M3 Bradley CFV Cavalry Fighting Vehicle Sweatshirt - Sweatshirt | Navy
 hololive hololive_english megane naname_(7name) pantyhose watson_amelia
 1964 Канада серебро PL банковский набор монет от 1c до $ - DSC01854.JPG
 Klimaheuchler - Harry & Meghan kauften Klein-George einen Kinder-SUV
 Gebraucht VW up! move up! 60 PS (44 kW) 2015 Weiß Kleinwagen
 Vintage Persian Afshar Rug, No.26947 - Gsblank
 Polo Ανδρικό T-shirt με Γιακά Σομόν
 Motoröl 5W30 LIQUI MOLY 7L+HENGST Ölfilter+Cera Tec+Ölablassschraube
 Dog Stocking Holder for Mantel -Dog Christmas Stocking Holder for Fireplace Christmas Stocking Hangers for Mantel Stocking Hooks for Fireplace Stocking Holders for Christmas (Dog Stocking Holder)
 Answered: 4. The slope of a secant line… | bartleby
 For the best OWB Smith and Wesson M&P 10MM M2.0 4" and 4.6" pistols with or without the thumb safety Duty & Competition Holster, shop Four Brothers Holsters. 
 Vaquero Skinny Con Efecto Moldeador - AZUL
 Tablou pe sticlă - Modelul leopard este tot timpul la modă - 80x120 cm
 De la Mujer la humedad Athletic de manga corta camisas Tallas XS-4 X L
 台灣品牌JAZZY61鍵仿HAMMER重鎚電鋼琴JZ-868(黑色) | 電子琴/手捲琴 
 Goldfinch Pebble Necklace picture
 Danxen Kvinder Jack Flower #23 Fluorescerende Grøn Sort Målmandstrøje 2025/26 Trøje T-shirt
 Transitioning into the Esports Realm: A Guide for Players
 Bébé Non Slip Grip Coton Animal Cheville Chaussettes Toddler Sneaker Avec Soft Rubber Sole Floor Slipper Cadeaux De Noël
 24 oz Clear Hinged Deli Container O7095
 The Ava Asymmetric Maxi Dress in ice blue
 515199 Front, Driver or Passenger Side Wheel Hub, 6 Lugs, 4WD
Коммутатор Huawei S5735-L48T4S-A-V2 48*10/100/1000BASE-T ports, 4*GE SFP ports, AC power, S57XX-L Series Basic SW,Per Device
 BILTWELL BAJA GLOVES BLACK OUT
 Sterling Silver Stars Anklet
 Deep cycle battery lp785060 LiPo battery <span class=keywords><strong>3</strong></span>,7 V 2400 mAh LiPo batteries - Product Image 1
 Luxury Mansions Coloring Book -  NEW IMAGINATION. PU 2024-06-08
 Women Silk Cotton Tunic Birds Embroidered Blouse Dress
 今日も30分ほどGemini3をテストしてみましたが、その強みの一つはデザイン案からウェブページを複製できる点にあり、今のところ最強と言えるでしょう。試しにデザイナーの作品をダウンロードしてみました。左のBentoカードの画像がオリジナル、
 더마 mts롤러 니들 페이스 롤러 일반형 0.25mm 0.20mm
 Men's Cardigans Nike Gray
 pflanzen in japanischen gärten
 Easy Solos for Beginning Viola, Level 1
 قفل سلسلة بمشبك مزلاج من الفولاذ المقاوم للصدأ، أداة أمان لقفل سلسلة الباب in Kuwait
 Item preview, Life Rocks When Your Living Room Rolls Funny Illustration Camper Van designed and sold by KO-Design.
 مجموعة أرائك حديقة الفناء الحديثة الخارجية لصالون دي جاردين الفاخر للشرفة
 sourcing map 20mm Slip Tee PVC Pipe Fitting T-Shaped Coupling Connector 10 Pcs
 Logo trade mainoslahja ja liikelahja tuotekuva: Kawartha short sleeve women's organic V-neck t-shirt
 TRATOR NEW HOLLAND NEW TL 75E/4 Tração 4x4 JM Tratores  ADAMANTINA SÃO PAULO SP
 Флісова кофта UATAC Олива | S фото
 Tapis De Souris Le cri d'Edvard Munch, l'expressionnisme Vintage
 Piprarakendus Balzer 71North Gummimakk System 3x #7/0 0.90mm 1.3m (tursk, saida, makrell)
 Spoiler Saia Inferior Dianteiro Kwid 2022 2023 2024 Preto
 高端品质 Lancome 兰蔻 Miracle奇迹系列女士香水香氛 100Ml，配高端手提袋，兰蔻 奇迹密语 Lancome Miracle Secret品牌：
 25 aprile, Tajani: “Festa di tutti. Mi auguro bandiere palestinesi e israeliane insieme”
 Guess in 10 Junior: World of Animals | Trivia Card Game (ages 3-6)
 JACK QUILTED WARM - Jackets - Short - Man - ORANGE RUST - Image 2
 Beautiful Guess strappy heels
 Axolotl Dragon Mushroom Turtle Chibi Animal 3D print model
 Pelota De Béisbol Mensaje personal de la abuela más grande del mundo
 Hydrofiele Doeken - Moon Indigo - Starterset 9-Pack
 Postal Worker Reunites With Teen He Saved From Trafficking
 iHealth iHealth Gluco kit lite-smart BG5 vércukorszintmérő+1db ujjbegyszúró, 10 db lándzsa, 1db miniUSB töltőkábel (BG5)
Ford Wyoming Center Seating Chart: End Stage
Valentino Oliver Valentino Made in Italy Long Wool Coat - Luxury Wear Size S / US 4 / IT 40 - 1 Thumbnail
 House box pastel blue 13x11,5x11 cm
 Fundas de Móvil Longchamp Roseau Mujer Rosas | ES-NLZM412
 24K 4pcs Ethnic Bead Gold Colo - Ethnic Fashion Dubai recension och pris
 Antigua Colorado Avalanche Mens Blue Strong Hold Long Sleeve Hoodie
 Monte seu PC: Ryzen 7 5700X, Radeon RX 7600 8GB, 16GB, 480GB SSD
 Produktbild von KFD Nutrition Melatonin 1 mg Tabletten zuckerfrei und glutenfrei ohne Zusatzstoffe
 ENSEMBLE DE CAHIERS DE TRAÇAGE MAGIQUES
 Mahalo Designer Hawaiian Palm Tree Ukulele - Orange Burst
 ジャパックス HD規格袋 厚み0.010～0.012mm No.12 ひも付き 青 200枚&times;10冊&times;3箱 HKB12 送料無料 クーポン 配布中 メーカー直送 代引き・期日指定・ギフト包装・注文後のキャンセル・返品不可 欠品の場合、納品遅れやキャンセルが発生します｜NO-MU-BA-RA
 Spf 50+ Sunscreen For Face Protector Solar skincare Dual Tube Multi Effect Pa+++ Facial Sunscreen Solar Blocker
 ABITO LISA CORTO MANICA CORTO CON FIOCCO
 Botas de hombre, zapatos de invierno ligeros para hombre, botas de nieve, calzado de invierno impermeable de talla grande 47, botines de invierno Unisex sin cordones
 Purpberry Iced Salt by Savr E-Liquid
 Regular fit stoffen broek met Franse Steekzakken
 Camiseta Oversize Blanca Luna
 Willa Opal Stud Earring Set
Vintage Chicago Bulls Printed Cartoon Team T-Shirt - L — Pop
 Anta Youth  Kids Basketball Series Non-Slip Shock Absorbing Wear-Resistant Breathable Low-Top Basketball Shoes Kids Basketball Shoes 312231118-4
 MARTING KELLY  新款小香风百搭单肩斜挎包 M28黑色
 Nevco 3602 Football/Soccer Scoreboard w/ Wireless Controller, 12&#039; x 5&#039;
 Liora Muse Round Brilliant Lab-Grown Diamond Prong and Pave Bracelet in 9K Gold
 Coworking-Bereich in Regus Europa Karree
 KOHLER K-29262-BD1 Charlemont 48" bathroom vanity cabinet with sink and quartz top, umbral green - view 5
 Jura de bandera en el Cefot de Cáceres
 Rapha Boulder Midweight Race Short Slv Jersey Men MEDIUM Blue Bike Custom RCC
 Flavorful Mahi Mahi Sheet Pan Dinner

**EXERCISE DESCRIPTION:** Restate the records above verbatim, omitting no line.

**SOLUTION BELOW:**
M3 Bradley CFV Cavalry Fighting Vehicle Sweatshirt - Sweatshirt | Navy
 hololive hololive_english megane naname_(7name) pantyhose watson_amelia
 1964 Канада серебро PL банковский набор монет от 1c до $ - DSC01854.JPG
 Klimaheuchler - Harry & Meghan kauften Klein-George einen Kinder-SUV
 Gebraucht VW up! move up! 60 PS (44 kW) 2015 Weiß Kleinwagen
 Vintage Persian Afshar Rug, No.26947 - Gsblank
 Polo Ανδρικό T-shirt με Γιακά Σομόν
 Motoröl 5W30 LIQUI MOLY 7L+HENGST Ölfilter+Cera Tec+Ölablassschraube
 Dog Stocking Holder for Mantel -Dog Christmas Stocking Holder for Fireplace Christmas Stocking Hangers for Mantel Stocking Hooks for Fireplace Stocking Holders for Christmas (Dog Stocking Holder)
 Answered: 4. The slope of a secant line… | bartleby
 For the best OWB Smith and Wesson M&P 10MM M2.0 4" and 4.6" pistols with or without the thumb safety Duty & Competition Holster, shop Four Brothers Holsters. 
 Vaquero Skinny Con Efecto Moldeador - AZUL
 Tablou pe sticlă - Modelul leopard este tot timpul la modă - 80x120 cm
 De la Mujer la humedad Athletic de manga corta camisas Tallas XS-4 X L
 台灣品牌JAZZY61鍵仿HAMMER重鎚電鋼琴JZ-868(黑色) | 電子琴/手捲琴 
 Goldfinch Pebble Necklace picture
 Danxen Kvinder Jack Flower #23 Fluorescerende Grøn Sort Målmandstrøje 2025/26 Trøje T-shirt
 Transitioning into the Esports Realm: A Guide for Players
 Bébé Non Slip Grip Coton Animal Cheville Chaussettes Toddler Sneaker Avec Soft Rubber Sole Floor Slipper Cadeaux De Noël
 24 oz Clear Hinged Deli Container O7095
 The Ava Asymmetric Maxi Dress in ice blue
 515199 Front, Driver or Passenger Side Wheel Hub, 6 Lugs, 4WD
Коммутатор Huawei S5735-L48T4S-A-V2 48*10/100/1000BASE-T ports, 4*GE SFP ports, AC power, S57XX-L Series Basic SW,Per Device
 BILTWELL BAJA GLOVES BLACK OUT
 Sterling Silver Stars Anklet
 Deep cycle battery lp785060 LiPo battery <span class=keywords><strong>3</strong></span>,7 V 2400 mAh LiPo batteries - Product Image 1
 Luxury Mansions Coloring Book -  NEW IMAGINATION. PU 2024-06-08
 Women Silk Cotton Tunic Birds Embroidered Blouse Dress
 今日も30分ほどGemini3をテストしてみましたが、その強みの一つはデザイン案からウェブページを複製できる点にあり、今のところ最強と言えるでしょう。試しにデザイナーの作品をダウンロードしてみました。左のBentoカードの画像がオリジナル、
 더마 mts롤러 니들 페이스 롤러 일반형 0.25mm 0.20mm
 Men's Cardigans Nike Gray
 pflanzen in japanischen gärten
 Easy Solos for Beginning Viola, Level 1
 قفل سلسلة بمشبك مزلاج من الفولاذ المقاوم للصدأ، أداة أمان لقفل سلسلة الباب in Kuwait
 Item preview, Life Rocks When Your Living Room Rolls Funny Illustration Camper Van designed and sold by KO-Design.
 مجموعة أرائك حديقة الفناء الحديثة الخارجية لصالون دي جاردين الفاخر للشرفة
 sourcing map 20mm Slip Tee PVC Pipe Fitting T-Shaped Coupling Connector 10 Pcs
 Logo trade mainoslahja ja liikelahja tuotekuva: Kawartha short sleeve women's organic V-neck t-shirt
 TRATOR NEW HOLLAND NEW TL 75E/4 Tração 4x4 JM Tratores  ADAMANTINA SÃO PAULO SP
 Флісова кофта UATAC Олива | S фото
 Tapis De Souris Le cri d'Edvard Munch, l'expressionnisme Vintage
 Piprarakendus Balzer 71North Gummimakk System 3x #7/0 0.90mm 1.3m (tursk, saida, makrell)
 Spoiler Saia Inferior Dianteiro Kwid 2022 2023 2024 Preto
 高端品质 Lancome 兰蔻 Miracle奇迹系列女士香水香氛 100Ml，配高端手提袋，兰蔻 奇迹密语 Lancome Miracle Secret品牌：
 25 aprile, Tajani: “Festa di tutti. Mi auguro bandiere palestinesi e israeliane insieme”
 Guess in 10 Junior: World of Animals | Trivia Card Game (ages 3-6)
 JACK QUILTED WARM - Jackets - Short - Man - ORANGE RUST - Image 2
 Beautiful Guess strappy heels
 Axolotl Dragon Mushroom Turtle Chibi Animal 3D print model
 Pelota De Béisbol Mensaje personal de la abuela más grande del mundo
 Hydrofiele Doeken - Moon Indigo - Starterset 9-Pack
 Postal Worker Reunites With Teen He Saved From Trafficking
 iHealth iHealth Gluco kit lite-smart BG5 vércukorszintmérő+1db ujjbegyszúró, 10 db lándzsa, 1db miniUSB töltőkábel (BG5)
Ford Wyoming Center Seating Chart: End Stage
Valentino Oliver Valentino Made in Italy Long Wool Coat - Luxury Wear Size S / US 4 / IT 40 - 1 Thumbnail
 House box pastel blue 13x11,5x11 cm
 Fundas de Móvil Longchamp Roseau Mujer Rosas | ES-NLZM412
 24K 4pcs Ethnic Bead Gold Colo - Ethnic Fashion Dubai recension och pris
 Antigua Colorado Avalanche Mens Blue Strong Hold Long Sleeve Hoodie
 Monte seu PC: Ryzen 7 5700X, Radeon RX 7600 8GB, 16GB, 480GB SSD
 Produktbild von KFD Nutrition Melatonin 1 mg Tabletten zuckerfrei und glutenfrei ohne Zusatzstoffe
 ENSEMBLE DE CAHIERS DE TRAÇAGE MAGIQUES
 Mahalo Designer Hawaiian Palm Tree Ukulele - Orange Burst
 ジャパックス HD規格袋 厚み0.010～0.012mm No.12 ひも付き 青 200枚&times;10冊&times;3箱 HKB12 送料無料 クーポン 配布中 メーカー直送 代引き・期日指定・ギフト包装・注文後のキャンセル・返品不可 欠品の場合、納品遅れやキャンセルが発生します｜NO-MU-BA-RA
 Spf 50+ Sunscreen For Face Protector Solar skincare Dual Tube Multi Effect Pa+++ Facial Sunscreen Solar Blocker
 ABITO LISA CORTO MANICA CORTO CON FIOCCO
 Botas de hombre, zapatos de invierno ligeros para hombre, botas de nieve, calzado de invierno impermeable de talla grande 47, botines de invierno Unisex sin cordones
 Purpberry Iced Salt by Savr E-Liquid
 Regular fit stoffen broek met Franse Steekzakken
 Camiseta Oversize Blanca Luna
 Willa Opal Stud Earring Set
Vintage Chicago Bulls Printed Cartoon Team T-Shirt - L — Pop
 Anta Youth  Kids Basketball Series Non-Slip Shock Absorbing Wear-Resistant Breathable Low-Top Basketball Shoes Kids Basketball Shoes 312231118-4
 MARTING KELLY  新款小香风百搭单肩斜挎包 M28黑色
 Nevco 3602 Football/Soccer Scoreboard w/ Wireless Controller, 12&#039; x 5&#039;
 Liora Muse Round Brilliant Lab-Grown Diamond Prong and Pave Bracelet in 9K Gold
 Coworking-Bereich in Regus Europa Karree
 KOHLER K-29262-BD1 Charlemont 48" bathroom vanity cabinet with sink and quartz top, umbral green - view 5
 Jura de bandera en el Cefot de Cáceres
 Rapha Boulder Midweight Race Short Slv Jersey Men MEDIUM Blue Bike Custom RCC
 Flavorful Mahi Mahi Sheet Pan Dinner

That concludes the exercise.